Elastic Container Instance supports preemptible instances. You can run stateless applications that feature high scalability and fault tolerance and short-lived jobs on preemptible instances to reduce usage costs of instances. This topic describes how to create a preemptible Elastic Container Instance-based pod in a Kubernetes cluster.
Background information
Preemptible elastic container instances are cost-effective. You can bid for unused Alibaba Cloud resources to create preemptible instances. When the market price exceeds your bid price for a preemptible instance or when the inventory resources are insufficient, the resources consumed by the instance are reclaimed and the instance is released.
Preemptible instances can be used to run short-lived jobs and stateless applications that feature high scalability and fault tolerance, such as scalable website services, image rendering, big data analysis, and large-scale parallel computing.
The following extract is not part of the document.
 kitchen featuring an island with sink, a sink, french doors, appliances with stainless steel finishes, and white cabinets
Preemptible instances are suitable for applications that require wide distribution, high scalability, and high fault tolerance. Preemptible instances help you reduce costs and increase the throughput for these applications. For more information, see Preemptible instances.
Basic concepts
Before you create a preemptible instance, take note of the following items:
Billing
The market price of a preemptible instance fluctuates based on the supply and demand for its instance specification. When you create a preemptible instance, you must specify a bid policy for the instance. If your bid price is higher than the real-time market price and the resource inventory of the instance specification is sufficient, the preemptible instance is created. After a preemptible instance is created, it enters a protection period during which the instance is billed based on the market price at the time of purchase. By default, the protection period is 1 hour. After the protection period expires, the instance is billed based on the real-time market price.
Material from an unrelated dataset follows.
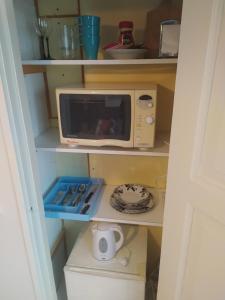 a small kitchen with a microwave and a toilet at Villa Alice room 2 in Tampere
NotePreemptible instances are billed at lower prices compared with pay-as-you-go instances. The price of a preemptible instance fluctuates based on the supply and demand for its instance specification. A preemptible instance is billed based on its actual duration of use. For more information, see the "Billing methods" section of the Preemptible instances topic.
Reclaim mechanism
After the protection period of a preemptible instance expires, the system checks the market price and resource inventory of the instance specification every 5 minutes. If the real-time market price exceeds your bid price or the resource inventory is insufficient, the preemptible instance is released.
NoteA ready-for-release (SpotToBeReleased) event is generated about 3 minutes before the resources of a preemptible instance are reclaimed.
After the resources of a preemptible instance are reclaimed, the information about the instance is retained, the billing on the instance stops, and the status of the instance changes to Expired.
Precautions
Before you use preemptible instances, take note of the following items:
Select a suitable instance specification and place a suitable bid.
You can call the following API operations of Elastic Compute Service (ECS) to query information about preemptible instances over the last 30 days. Then, you can select a suitable instance specification and place a bid.
DescribeSpotPriceHistory: queries the historical prices of preemptible instances.
DescribeSpotAdvice: queries information such as the average release rate and average discount rate of preemptible instances.
ImportantWhen you place a bid, take into consideration the fluctuations in market prices and the price range that you are comfortable with. A good bid is usually higher than the average market price, but still within the range of your business requirements. In this way, requests for creating preemptible instances can be accepted and processed, and the created instances will not be released due to changes in market prices.
We recommend that you store important data in a storage medium that will not be affected if preemptible instances are released. For example, you can use independent disks that are not to be released along with their associated instances, or use external storage resources such as File Storage NAS file systems.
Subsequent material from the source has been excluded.